Looks good! A small comment is that it might make sense to use npy_bool object_fallback everywhere instead of switching between int and bool - calls with npy_false immediately make clear that it is a bool being pass around.

p.s. Not sure whether the coverage misses are false positives, but obviously would be good to ensure the added code is covered!

mhvk · 2021-05-26T13:42:05Z

numpy/core/src/multiarray/common_dtype.c

@@ -35,13 +72,19 @@
 *
 * TODO: Before exposure, we should review the return value (e.g. no error
 *       when no common DType is found).
+ *       Further, the `object_fallback` is probably only useful for the


If you are fairly sure that in some places this will no longer be needed after the string deprecation, maybe be more explicit about it, otherwise in all likelihood this will stay around for much longer than needed!

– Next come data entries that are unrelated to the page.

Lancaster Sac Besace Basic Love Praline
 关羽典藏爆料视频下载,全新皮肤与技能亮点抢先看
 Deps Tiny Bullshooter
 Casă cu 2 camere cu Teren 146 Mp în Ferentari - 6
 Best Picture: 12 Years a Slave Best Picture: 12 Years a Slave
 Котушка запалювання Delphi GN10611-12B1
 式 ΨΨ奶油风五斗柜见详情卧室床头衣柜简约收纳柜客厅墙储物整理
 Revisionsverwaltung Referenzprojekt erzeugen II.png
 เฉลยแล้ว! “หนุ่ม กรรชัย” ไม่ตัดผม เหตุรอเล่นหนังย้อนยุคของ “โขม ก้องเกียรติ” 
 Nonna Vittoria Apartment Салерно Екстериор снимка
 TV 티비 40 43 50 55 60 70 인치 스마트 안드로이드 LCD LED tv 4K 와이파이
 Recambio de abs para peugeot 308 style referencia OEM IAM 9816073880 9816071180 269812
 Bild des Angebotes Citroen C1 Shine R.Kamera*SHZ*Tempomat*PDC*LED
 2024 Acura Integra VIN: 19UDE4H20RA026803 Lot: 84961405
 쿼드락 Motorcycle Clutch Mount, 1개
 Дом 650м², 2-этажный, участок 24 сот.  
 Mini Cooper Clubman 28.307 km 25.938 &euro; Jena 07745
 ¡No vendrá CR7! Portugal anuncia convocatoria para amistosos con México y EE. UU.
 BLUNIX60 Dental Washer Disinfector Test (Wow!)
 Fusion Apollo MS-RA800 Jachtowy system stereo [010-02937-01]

mhvk · 2021-05-26T13:42:55Z

numpy/core/src/multiarray/convert_datatype.c

+ * when no common DType is found.  This is currently only needed for the
+ * string and number promotion deprecation!
+ *
+ * TODO: After this deprecation is over, the `object_fallback` may well be


Would be best if this could just change from "may well be useless!" to "should be removed"

seberg · 2021-05-26T23:12:07Z

On this one, Matti suggested in the meeting (if I got it right), that we could make the parameter-discovery function public but not the flag: I.e. the function would always use the object-fallback "future" behaviour.
I am unsure how much that helps pandas right now. (We also have to duplicate some work. Even if we assign to the empty, allocated array – but maybe that doesn't matter too much.)

Or we allow this flag in np.array() – maybe even only semi-public for transition!? Matti doesn't like this, I can't say I like it much, but:

It was previously brought up (I could never find the issue with the discussion)
I may dislike messing with warning states even more. (Unless we make it permantent, it is not a solution for end-users, but rather meant only as a workaround for pandas. End-users are expected to know what dtype they want, and in general we would be optimistic that few pandas users actually need this – or we also need to delay the change itself in any case.)

The alternative, or parallel(?) question is what to do about the deprecation:

We could delay the deprecation: I am not too fond of it, since string promotion is bound to create annoying corner cases once we get string ufuncs, but 🤷. Unless we are planning to just skip the deprecation now or in the next release.

Maybe as an example of where this oddity can strike:

np.array(["1", "2"]).searchsorted(2)  # same as `.searchsorted("2")`

(Which currently would gives a FutureWarning. Oddly, it seems it would actually work in the "future" path)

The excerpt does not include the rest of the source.